* **PROBLEM TO SOLVE**
Could you set down every entry exactly as it appears?

* **DATA SUPPLIED**

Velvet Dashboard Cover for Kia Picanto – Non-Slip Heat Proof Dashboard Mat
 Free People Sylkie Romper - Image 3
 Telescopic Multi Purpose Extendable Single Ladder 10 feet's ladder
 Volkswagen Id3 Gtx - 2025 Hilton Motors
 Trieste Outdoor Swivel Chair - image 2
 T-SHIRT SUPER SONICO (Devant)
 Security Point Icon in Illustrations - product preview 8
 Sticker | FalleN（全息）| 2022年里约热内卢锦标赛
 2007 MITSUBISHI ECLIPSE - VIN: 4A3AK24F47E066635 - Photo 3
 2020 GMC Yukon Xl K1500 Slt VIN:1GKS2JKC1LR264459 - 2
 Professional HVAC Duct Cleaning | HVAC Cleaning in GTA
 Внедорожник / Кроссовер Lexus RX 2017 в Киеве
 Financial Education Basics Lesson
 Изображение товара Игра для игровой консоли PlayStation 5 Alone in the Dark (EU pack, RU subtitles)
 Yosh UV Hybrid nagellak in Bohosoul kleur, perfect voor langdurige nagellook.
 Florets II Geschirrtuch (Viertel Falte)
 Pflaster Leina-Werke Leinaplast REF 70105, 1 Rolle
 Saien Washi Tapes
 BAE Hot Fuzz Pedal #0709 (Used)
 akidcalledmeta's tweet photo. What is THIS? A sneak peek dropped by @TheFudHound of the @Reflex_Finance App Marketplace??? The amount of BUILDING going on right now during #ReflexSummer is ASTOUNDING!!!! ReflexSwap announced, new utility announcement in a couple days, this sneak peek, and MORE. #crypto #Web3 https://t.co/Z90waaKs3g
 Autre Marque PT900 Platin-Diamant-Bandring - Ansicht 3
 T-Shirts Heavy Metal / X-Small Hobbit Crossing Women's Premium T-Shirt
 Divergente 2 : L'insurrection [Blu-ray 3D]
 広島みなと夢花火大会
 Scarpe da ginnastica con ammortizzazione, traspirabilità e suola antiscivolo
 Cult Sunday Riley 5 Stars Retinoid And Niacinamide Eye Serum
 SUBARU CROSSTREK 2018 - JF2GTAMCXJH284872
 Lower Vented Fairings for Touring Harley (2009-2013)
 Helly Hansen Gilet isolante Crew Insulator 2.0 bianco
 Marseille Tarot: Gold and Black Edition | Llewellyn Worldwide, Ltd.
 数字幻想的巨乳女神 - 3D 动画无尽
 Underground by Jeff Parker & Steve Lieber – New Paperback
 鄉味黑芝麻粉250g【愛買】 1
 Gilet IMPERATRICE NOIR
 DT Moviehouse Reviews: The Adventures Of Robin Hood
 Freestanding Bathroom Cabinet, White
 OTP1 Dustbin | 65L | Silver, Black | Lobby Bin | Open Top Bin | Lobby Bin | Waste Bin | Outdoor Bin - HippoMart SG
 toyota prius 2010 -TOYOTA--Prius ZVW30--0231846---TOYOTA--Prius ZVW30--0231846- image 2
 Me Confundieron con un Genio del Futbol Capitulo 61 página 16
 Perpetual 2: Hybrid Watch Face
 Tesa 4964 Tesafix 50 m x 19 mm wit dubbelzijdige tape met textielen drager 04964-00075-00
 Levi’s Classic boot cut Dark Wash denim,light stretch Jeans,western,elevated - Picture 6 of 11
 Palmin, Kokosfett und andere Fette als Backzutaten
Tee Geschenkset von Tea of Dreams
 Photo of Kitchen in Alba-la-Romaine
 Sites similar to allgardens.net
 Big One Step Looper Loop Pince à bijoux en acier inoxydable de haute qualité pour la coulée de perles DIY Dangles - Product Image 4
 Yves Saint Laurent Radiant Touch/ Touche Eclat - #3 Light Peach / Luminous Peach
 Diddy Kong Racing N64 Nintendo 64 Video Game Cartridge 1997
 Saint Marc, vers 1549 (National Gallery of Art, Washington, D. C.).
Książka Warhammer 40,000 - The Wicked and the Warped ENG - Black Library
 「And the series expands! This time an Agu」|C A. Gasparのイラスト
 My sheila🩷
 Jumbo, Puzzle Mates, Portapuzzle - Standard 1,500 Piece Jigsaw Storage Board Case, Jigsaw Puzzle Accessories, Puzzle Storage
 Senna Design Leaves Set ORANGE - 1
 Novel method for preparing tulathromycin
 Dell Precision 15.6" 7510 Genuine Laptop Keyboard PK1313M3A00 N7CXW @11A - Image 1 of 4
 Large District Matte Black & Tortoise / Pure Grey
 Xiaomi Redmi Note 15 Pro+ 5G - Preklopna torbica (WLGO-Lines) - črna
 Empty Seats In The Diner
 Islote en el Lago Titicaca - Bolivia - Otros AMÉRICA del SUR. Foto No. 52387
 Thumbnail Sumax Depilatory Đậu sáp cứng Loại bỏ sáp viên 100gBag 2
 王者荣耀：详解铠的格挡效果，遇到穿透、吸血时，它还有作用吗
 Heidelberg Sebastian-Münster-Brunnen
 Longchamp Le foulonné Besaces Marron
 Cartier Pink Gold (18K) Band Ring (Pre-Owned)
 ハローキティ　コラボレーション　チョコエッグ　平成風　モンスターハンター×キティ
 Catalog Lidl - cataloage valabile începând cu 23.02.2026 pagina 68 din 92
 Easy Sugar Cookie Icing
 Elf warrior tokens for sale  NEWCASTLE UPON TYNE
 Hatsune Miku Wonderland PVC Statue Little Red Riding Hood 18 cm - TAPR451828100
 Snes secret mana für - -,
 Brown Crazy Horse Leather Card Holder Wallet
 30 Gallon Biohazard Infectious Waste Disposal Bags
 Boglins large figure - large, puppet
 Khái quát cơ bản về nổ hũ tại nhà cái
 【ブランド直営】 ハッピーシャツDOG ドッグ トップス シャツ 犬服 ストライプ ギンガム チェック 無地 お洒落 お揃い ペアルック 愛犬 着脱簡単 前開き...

* **COMPLETED TASK**
Velvet Dashboard Cover for Kia Picanto – Non-Slip Heat Proof Dashboard Mat
 Free People Sylkie Romper - Image 3
 Telescopic Multi Purpose Extendable Single Ladder 10 feet's ladder
 Volkswagen Id3 Gtx - 2025 Hilton Motors
 Trieste Outdoor Swivel Chair - image 2
 T-SHIRT SUPER SONICO (Devant)
 Security Point Icon in Illustrations - product preview 8
 Sticker | FalleN（全息）| 2022年里约热内卢锦标赛
 2007 MITSUBISHI ECLIPSE - VIN: 4A3AK24F47E066635 - Photo 3
 2020 GMC Yukon Xl K1500 Slt VIN:1GKS2JKC1LR264459 - 2
 Professional HVAC Duct Cleaning | HVAC Cleaning in GTA
 Внедорожник / Кроссовер Lexus RX 2017 в Киеве
 Financial Education Basics Lesson
 Изображение товара Игра для игровой консоли PlayStation 5 Alone in the Dark (EU pack, RU subtitles)
 Yosh UV Hybrid nagellak in Bohosoul kleur, perfect voor langdurige nagellook.
 Florets II Geschirrtuch (Viertel Falte)
 Pflaster Leina-Werke Leinaplast REF 70105, 1 Rolle
 Saien Washi Tapes
 BAE Hot Fuzz Pedal #0709 (Used)
 akidcalledmeta's tweet photo. What is THIS? A sneak peek dropped by @TheFudHound of the @Reflex_Finance App Marketplace??? The amount of BUILDING going on right now during #ReflexSummer is ASTOUNDING!!!! ReflexSwap announced, new utility announcement in a couple days, this sneak peek, and MORE. #crypto #Web3 https://t.co/Z90waaKs3g
 Autre Marque PT900 Platin-Diamant-Bandring - Ansicht 3
 T-Shirts Heavy Metal / X-Small Hobbit Crossing Women's Premium T-Shirt
 Divergente 2 : L'insurrection [Blu-ray 3D]
 広島みなと夢花火大会
 Scarpe da ginnastica con ammortizzazione, traspirabilità e suola antiscivolo
 Cult Sunday Riley 5 Stars Retinoid And Niacinamide Eye Serum
 SUBARU CROSSTREK 2018 - JF2GTAMCXJH284872
 Lower Vented Fairings for Touring Harley (2009-2013)
 Helly Hansen Gilet isolante Crew Insulator 2.0 bianco
 Marseille Tarot: Gold and Black Edition | Llewellyn Worldwide, Ltd.
 数字幻想的巨乳女神 - 3D 动画无尽
 Underground by Jeff Parker & Steve Lieber – New Paperback
 鄉味黑芝麻粉250g【愛買】 1
 Gilet IMPERATRICE NOIR
 DT Moviehouse Reviews: The Adventures Of Robin Hood
 Freestanding Bathroom Cabinet, White
 OTP1 Dustbin | 65L | Silver, Black | Lobby Bin | Open Top Bin | Lobby Bin | Waste Bin | Outdoor Bin - HippoMart SG
 toyota prius 2010 -TOYOTA--Prius ZVW30--0231846---TOYOTA--Prius ZVW30--0231846- image 2
 Me Confundieron con un Genio del Futbol Capitulo 61 página 16
 Perpetual 2: Hybrid Watch Face
 Tesa 4964 Tesafix 50 m x 19 mm wit dubbelzijdige tape met textielen drager 04964-00075-00
 Levi’s Classic boot cut Dark Wash denim,light stretch Jeans,western,elevated - Picture 6 of 11
 Palmin, Kokosfett und andere Fette als Backzutaten
Tee Geschenkset von Tea of Dreams
 Photo of Kitchen in Alba-la-Romaine
 Sites similar to allgardens.net
 Big One Step Looper Loop Pince à bijoux en acier inoxydable de haute qualité pour la coulée de perles DIY Dangles - Product Image 4
 Yves Saint Laurent Radiant Touch/ Touche Eclat - #3 Light Peach / Luminous Peach
 Diddy Kong Racing N64 Nintendo 64 Video Game Cartridge 1997
 Saint Marc, vers 1549 (National Gallery of Art, Washington, D. C.).
Książka Warhammer 40,000 - The Wicked and the Warped ENG - Black Library
 「And the series expands! This time an Agu」|C A. Gasparのイラスト
 My sheila🩷
 Jumbo, Puzzle Mates, Portapuzzle - Standard 1,500 Piece Jigsaw Storage Board Case, Jigsaw Puzzle Accessories, Puzzle Storage
 Senna Design Leaves Set ORANGE - 1
 Novel method for preparing tulathromycin
 Dell Precision 15.6" 7510 Genuine Laptop Keyboard PK1313M3A00 N7CXW @11A - Image 1 of 4
 Large District Matte Black & Tortoise / Pure Grey
 Xiaomi Redmi Note 15 Pro+ 5G - Preklopna torbica (WLGO-Lines) - črna
 Empty Seats In The Diner
 Islote en el Lago Titicaca - Bolivia - Otros AMÉRICA del SUR. Foto No. 52387
 Thumbnail Sumax Depilatory Đậu sáp cứng Loại bỏ sáp viên 100gBag 2
 王者荣耀：详解铠的格挡效果，遇到穿透、吸血时，它还有作用吗
 Heidelberg Sebastian-Münster-Brunnen
 Longchamp Le foulonné Besaces Marron
 Cartier Pink Gold (18K) Band Ring (Pre-Owned)
 ハローキティ　コラボレーション　チョコエッグ　平成風　モンスターハンター×キティ
 Catalog Lidl - cataloage valabile începând cu 23.02.2026 pagina 68 din 92
 Easy Sugar Cookie Icing
 Elf warrior tokens for sale  NEWCASTLE UPON TYNE
 Hatsune Miku Wonderland PVC Statue Little Red Riding Hood 18 cm - TAPR451828100
 Snes secret mana für - -,
 Brown Crazy Horse Leather Card Holder Wallet
 30 Gallon Biohazard Infectious Waste Disposal Bags
 Boglins large figure - large, puppet
 Khái quát cơ bản về nổ hũ tại nhà cái
 【ブランド直営】 ハッピーシャツDOG ドッグ トップス シャツ 犬服 ストライプ ギンガム チェック 無地 お洒落 お揃い ペアルック 愛犬 着脱簡単 前開き...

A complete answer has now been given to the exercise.